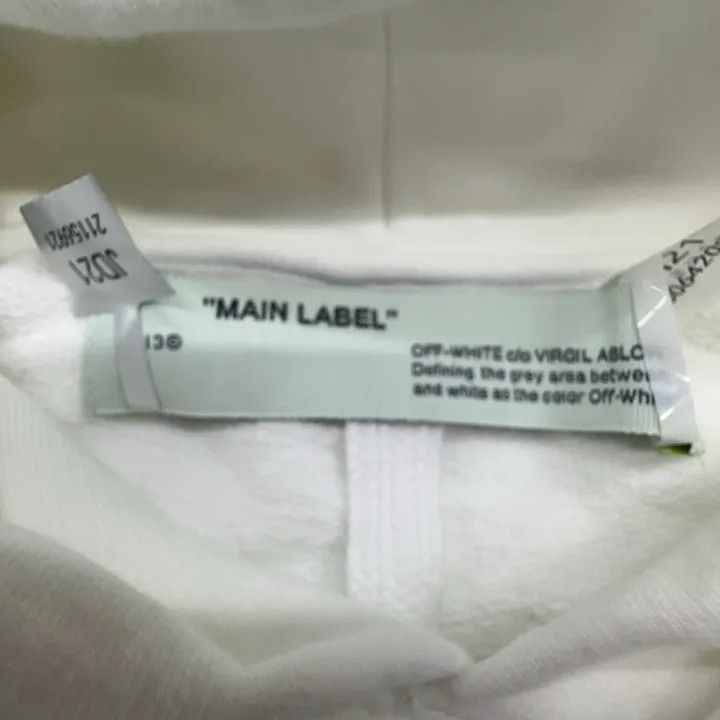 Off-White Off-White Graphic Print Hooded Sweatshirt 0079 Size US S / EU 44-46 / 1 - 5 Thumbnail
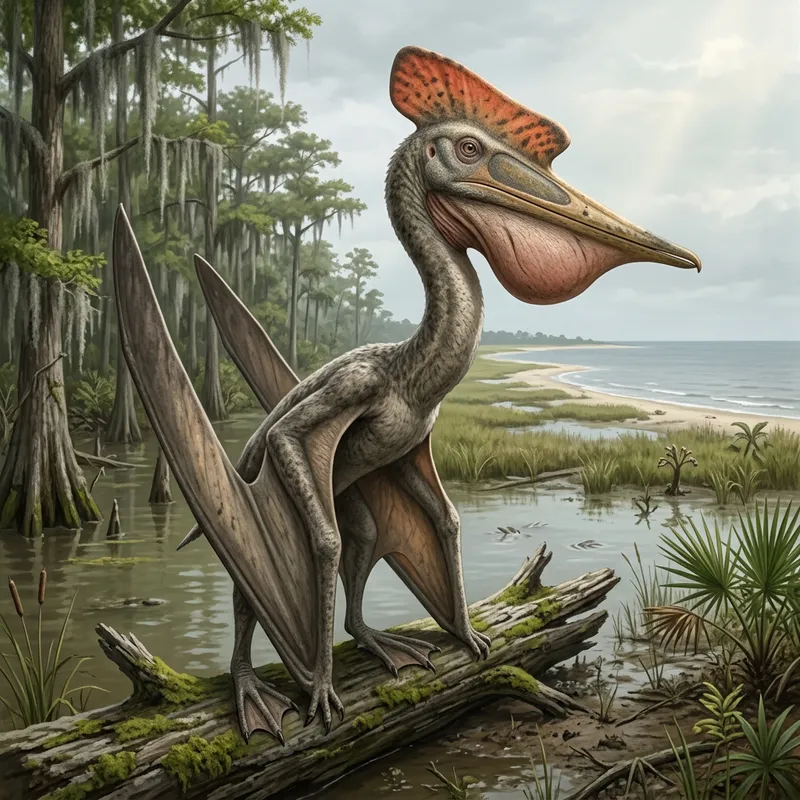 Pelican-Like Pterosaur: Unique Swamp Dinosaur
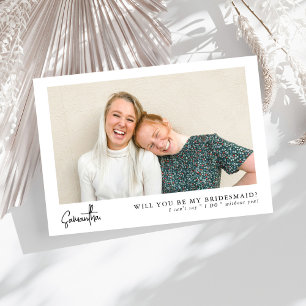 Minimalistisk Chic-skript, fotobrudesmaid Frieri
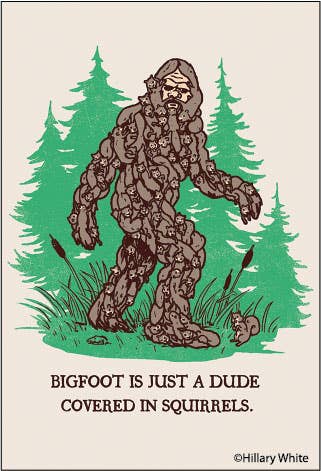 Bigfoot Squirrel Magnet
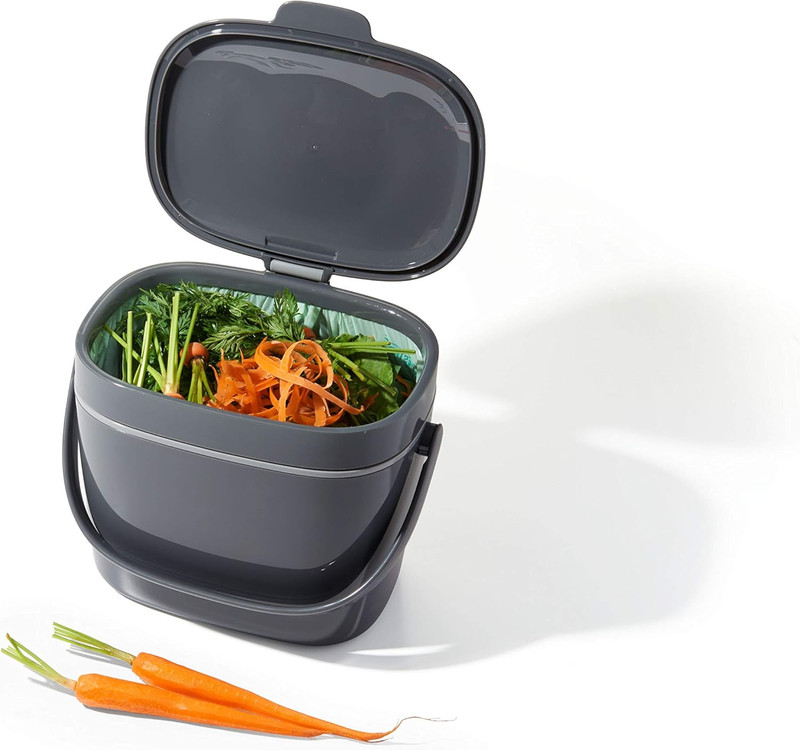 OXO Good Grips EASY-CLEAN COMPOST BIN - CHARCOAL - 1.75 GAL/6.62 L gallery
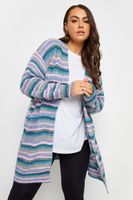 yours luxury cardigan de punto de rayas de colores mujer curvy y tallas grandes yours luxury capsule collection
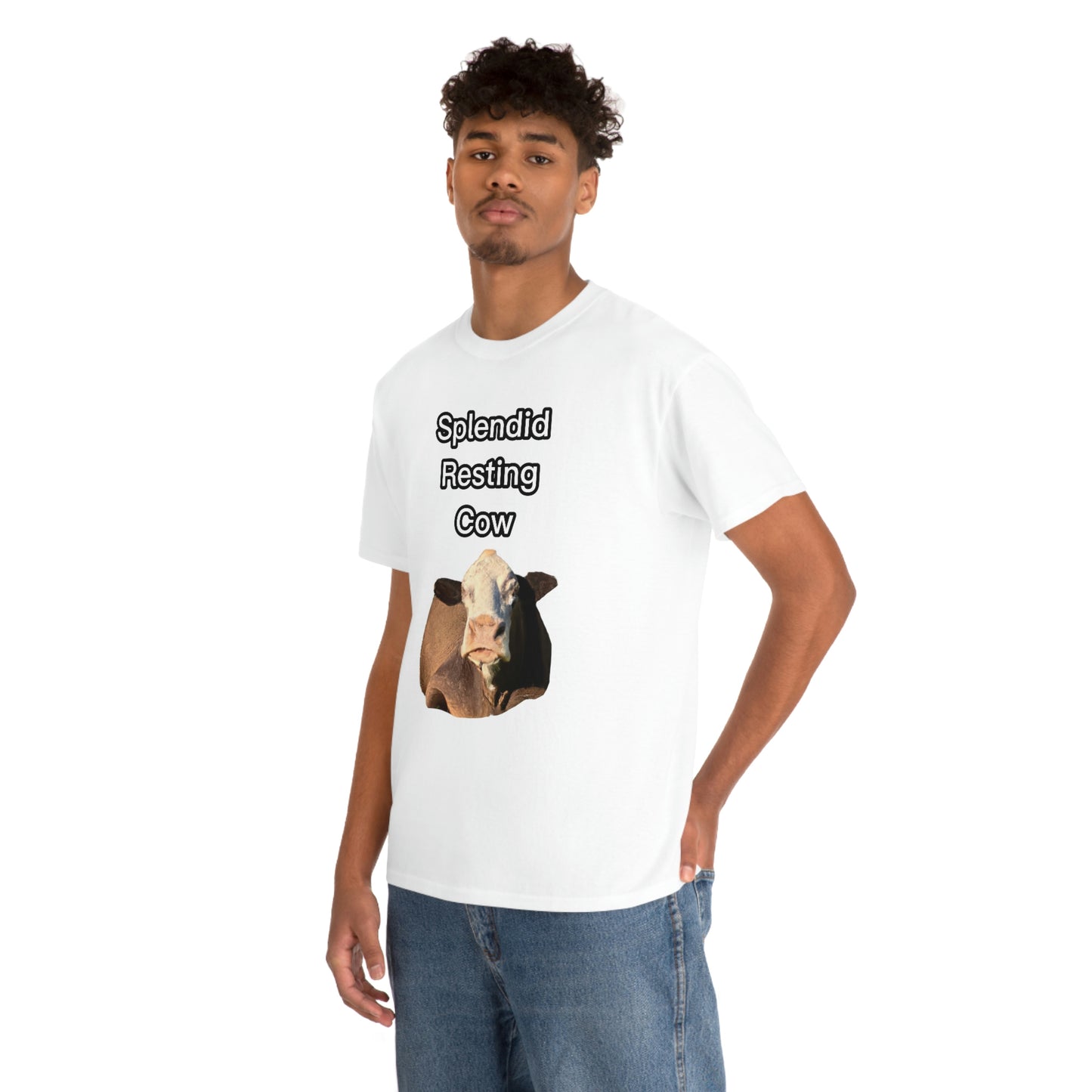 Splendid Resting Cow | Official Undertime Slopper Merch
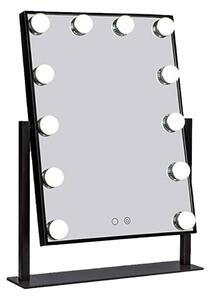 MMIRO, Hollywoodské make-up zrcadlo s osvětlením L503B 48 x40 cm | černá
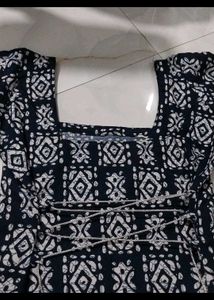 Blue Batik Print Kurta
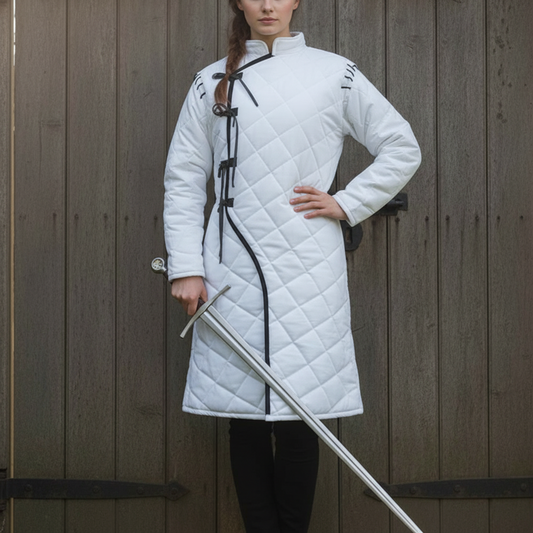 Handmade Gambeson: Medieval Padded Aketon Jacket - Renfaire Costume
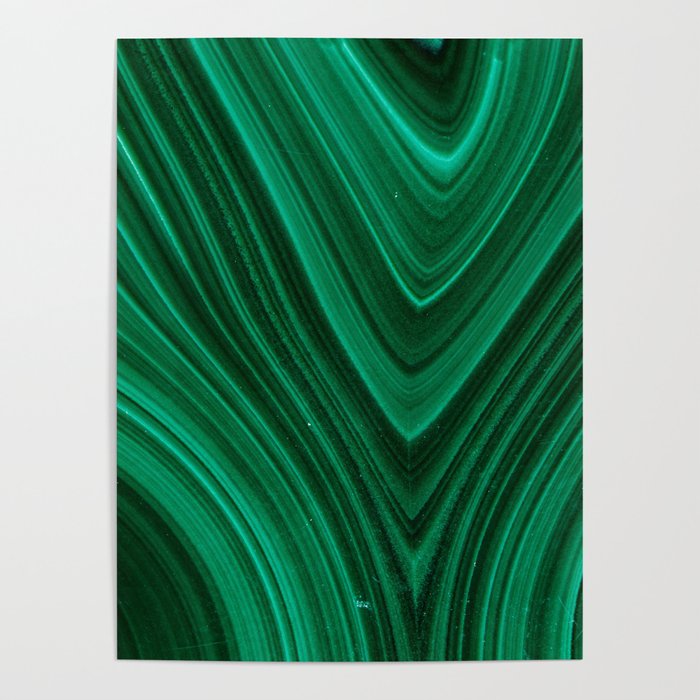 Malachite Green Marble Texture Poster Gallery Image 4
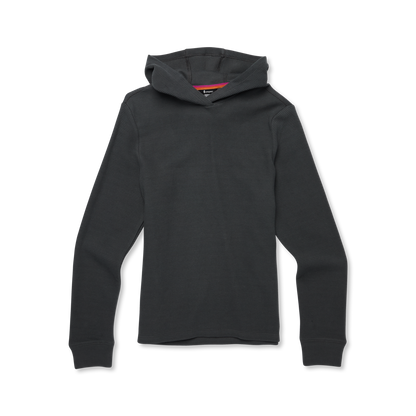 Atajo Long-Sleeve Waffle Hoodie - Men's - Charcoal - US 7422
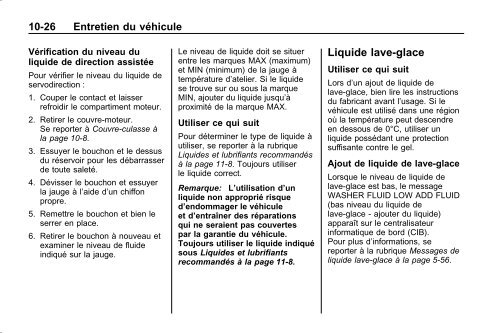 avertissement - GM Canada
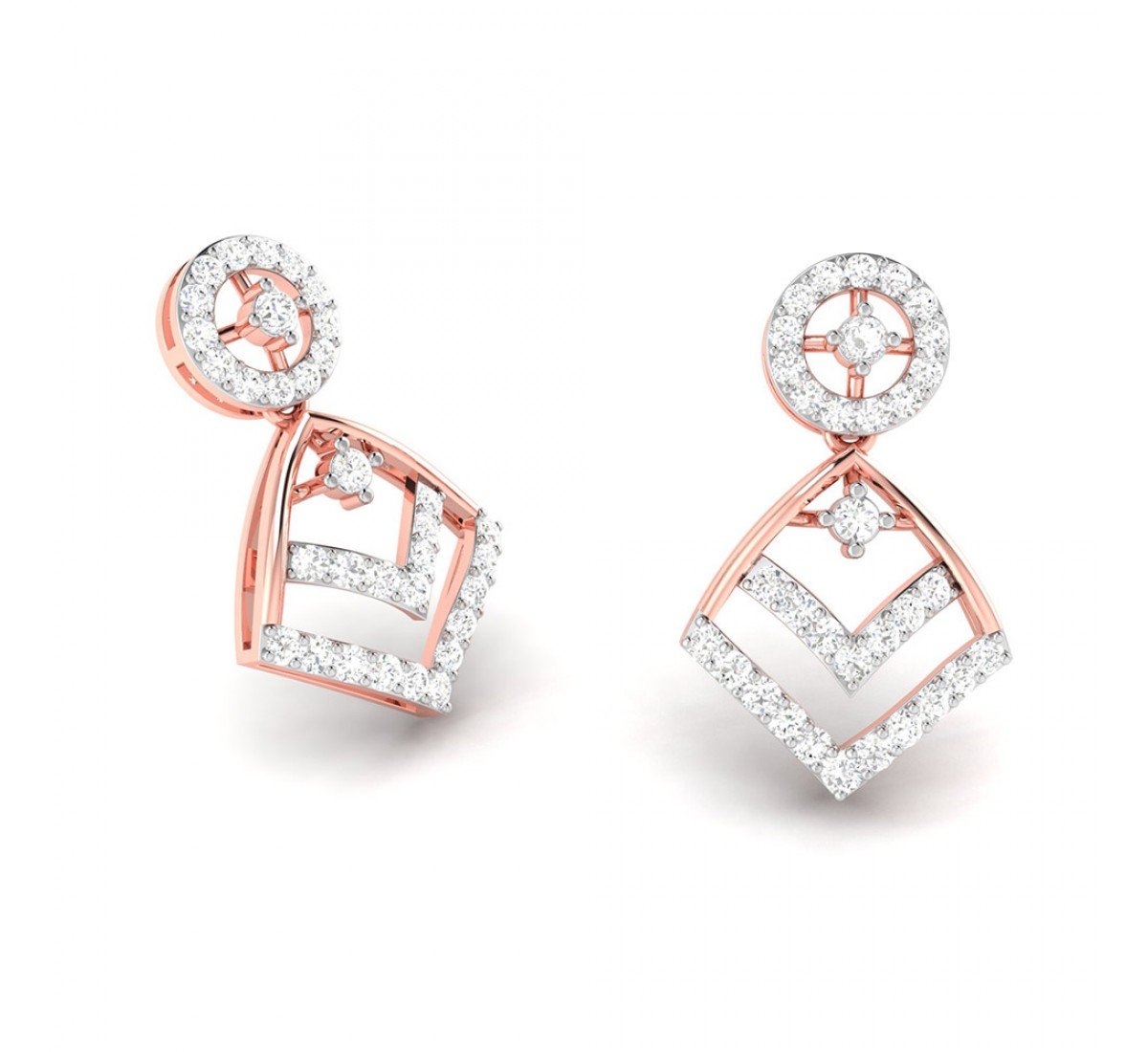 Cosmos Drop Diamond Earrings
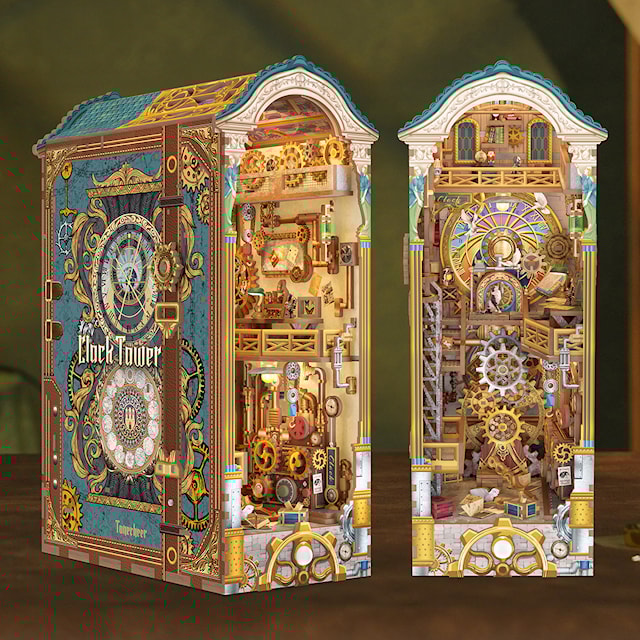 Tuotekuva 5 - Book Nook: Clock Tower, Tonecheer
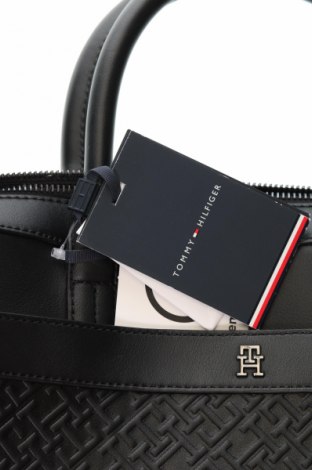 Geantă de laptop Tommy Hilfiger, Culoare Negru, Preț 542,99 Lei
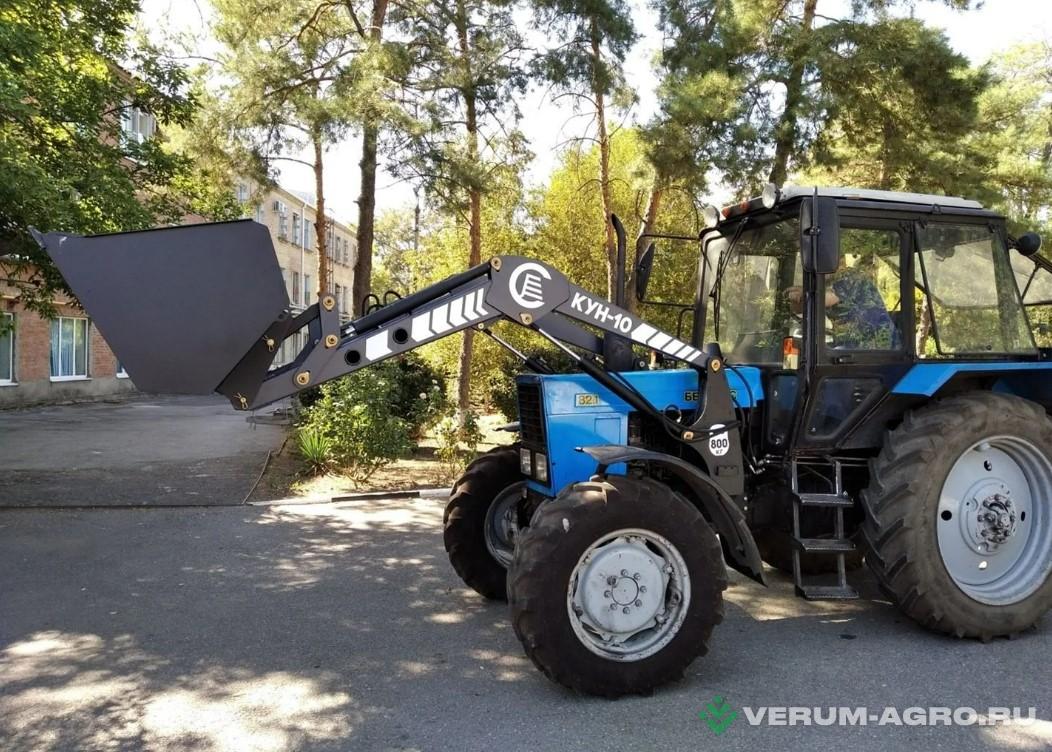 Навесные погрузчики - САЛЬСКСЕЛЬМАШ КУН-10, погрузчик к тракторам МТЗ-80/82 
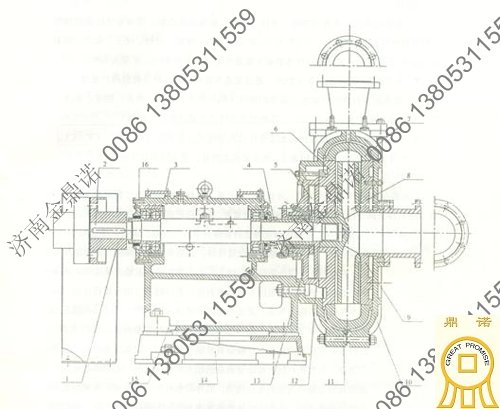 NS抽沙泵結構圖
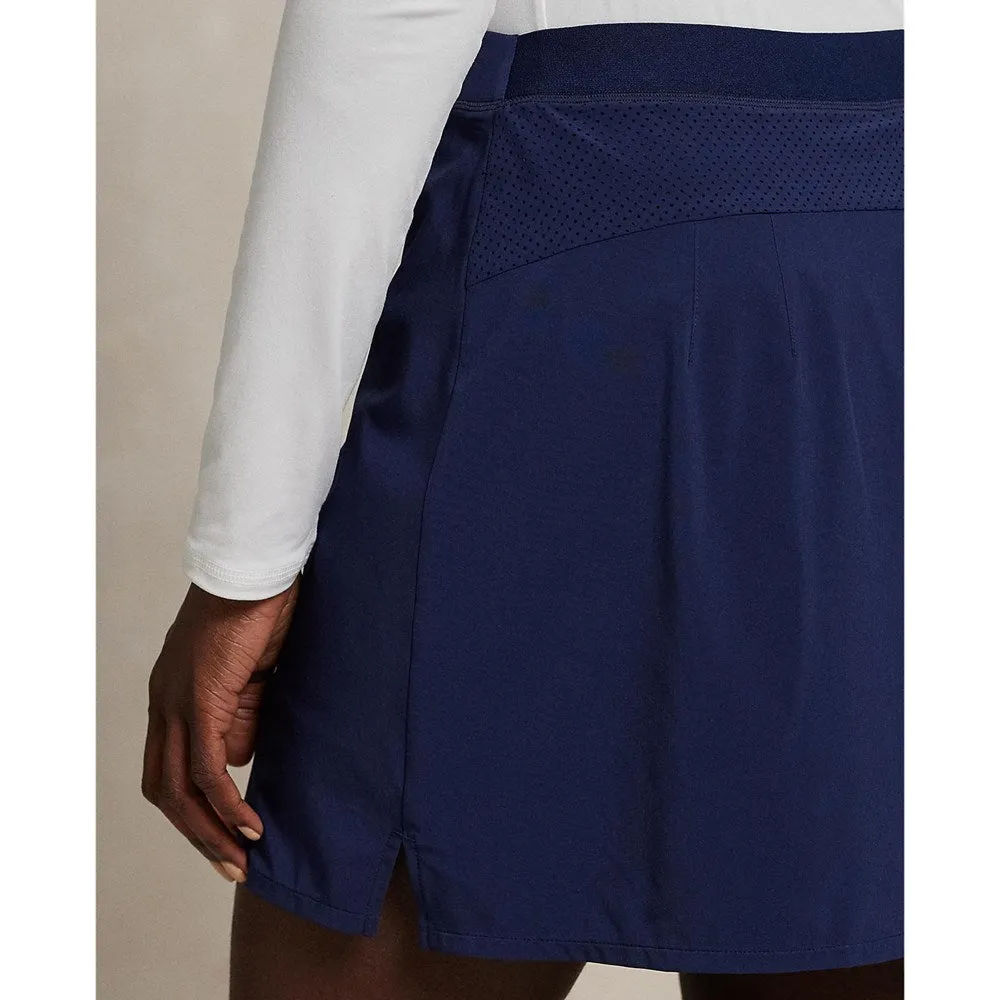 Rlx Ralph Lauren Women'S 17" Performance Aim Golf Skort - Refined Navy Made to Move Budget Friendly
+++++
## EXERCISE AIM
Reproduce the lines above, exactly and exclusively, from the line containing "MMIRO, Hollywoodské make-up" down to the last line, both included; pictures are not part of the copy.

## ANSWER SPACE
 MMIRO, Hollywoodské make-up zrcadlo s osvětlením L503B 48 x40 cm | černá
 Blue Batik Print Kurta
 Handmade Gambeson: Medieval Padded Aketon Jacket - Renfaire Costume
 Malachite Green Marble Texture Poster Gallery Image 4
 Atajo Long-Sleeve Waffle Hoodie - Men's - Charcoal - US 7422
 avertissement - GM Canada
 Cosmos Drop Diamond Earrings
 Tuotekuva 5 - Book Nook: Clock Tower, Tonecheer
 Geantă de laptop Tommy Hilfiger, Culoare Negru, Preț 542,99 Lei
 Навесные погрузчики - САЛЬСКСЕЛЬМАШ КУН-10, погрузчик к тракторам МТЗ-80/82 
 NS抽沙泵結構圖
 Rlx Ralph Lauren Women'S 17" Performance Aim Golf Skort - Refined Navy Made to Move Budget Friendly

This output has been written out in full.